News | Science advocates protest Harper government policies

Rally pushes for renewed emphasis on scientific research

To criticize the Harper administration’s alleged muzzling of federal scientists, and what demonstrators called an overall lack of evidence-based decision-making in the public policy arena, around 100 science advocates rallied in Montreal on Monday to “Stand Up for Science.”

Evidence for Democracy, a non-profit and non-partisan coalition of scientists and experts, organized “Stand Up for Science” rallies in cities across Canada.

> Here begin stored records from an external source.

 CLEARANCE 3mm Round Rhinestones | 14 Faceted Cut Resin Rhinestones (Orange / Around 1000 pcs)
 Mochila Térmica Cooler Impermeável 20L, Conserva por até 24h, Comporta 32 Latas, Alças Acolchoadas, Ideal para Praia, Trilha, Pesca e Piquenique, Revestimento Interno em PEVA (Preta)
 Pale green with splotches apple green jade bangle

The rallies aim to increase public demand for science spending and the free dissemination of scientific knowledge, especially after the recent flurry of budget cuts to scientific institutions.

At the rally, signs bearing phrases such as “Use evidence to decide our future,” and “Children need fantasy, adults need evidence: bring it back!” were wielded by scientists, social justice group The Montreal Raging Grannies, and celebrity guests such as Marc Garneau, former Canadian astronaut and current Liberal Member of Parliament (MP), and Laurin Liu, former McGill student and current NDP MP.

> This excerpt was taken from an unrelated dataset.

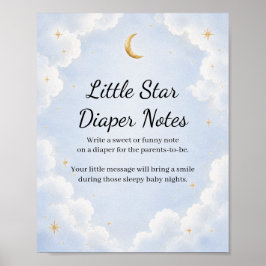 Liten stjärna blöja anteckningar Baby Shower Spel Poster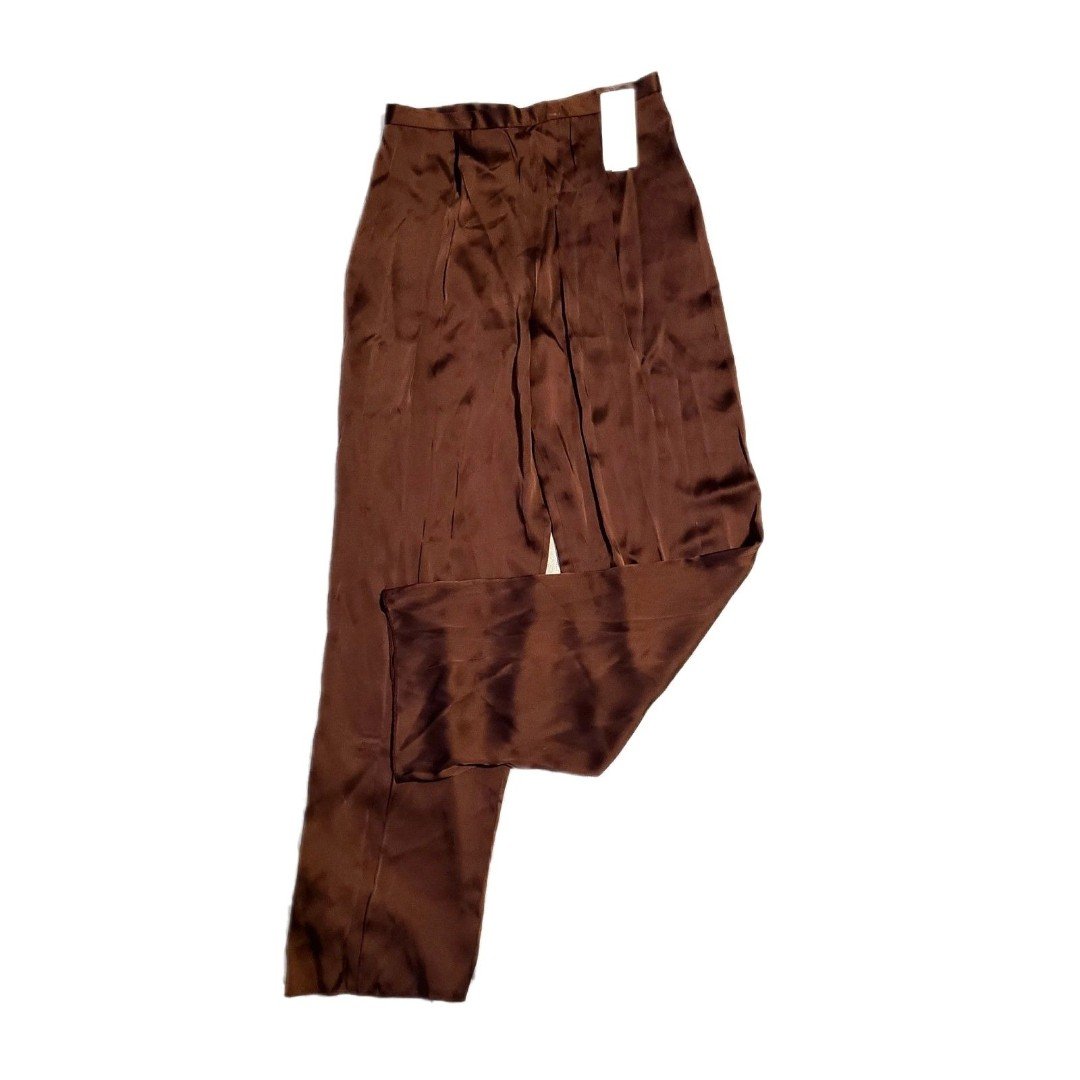 Badgley Mischka NWT 500 Copper Brown 100% Silk Wide Leg Trouser Pants, Size 14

The current federal government’s tactics hit especially close to home for Joelle Pelletier, a chemistry professor and biochemistry instructor at the Université de Montréal, who told The Daily that her laboratory work has been affected by budget cuts and gag orders.

“Budget cuts are atrocious because they prevent us from doing science,” said Pelletier. “But doing science and having it repressed – that is fundamentally worse and that is what I absolutely cannot condone.”

Science advocates have felt that Stephen Harper’s Conservative government has been at odds with the scientific community since his original election in 2006. As early as 2008, Environment Canada – the federal government agency responsible for researching and protecting the environment – implemented policies that limited federal scientists’ abilities to talk openly to the public about their work.

One notable example of budget cuts to scientific endeavours came in May 2012, when it was announced that federal funding was being withdrawn from the Experimental Lakes Area, even though it only cost $2 million. The move provoked outrage among both the scientific community and the general public.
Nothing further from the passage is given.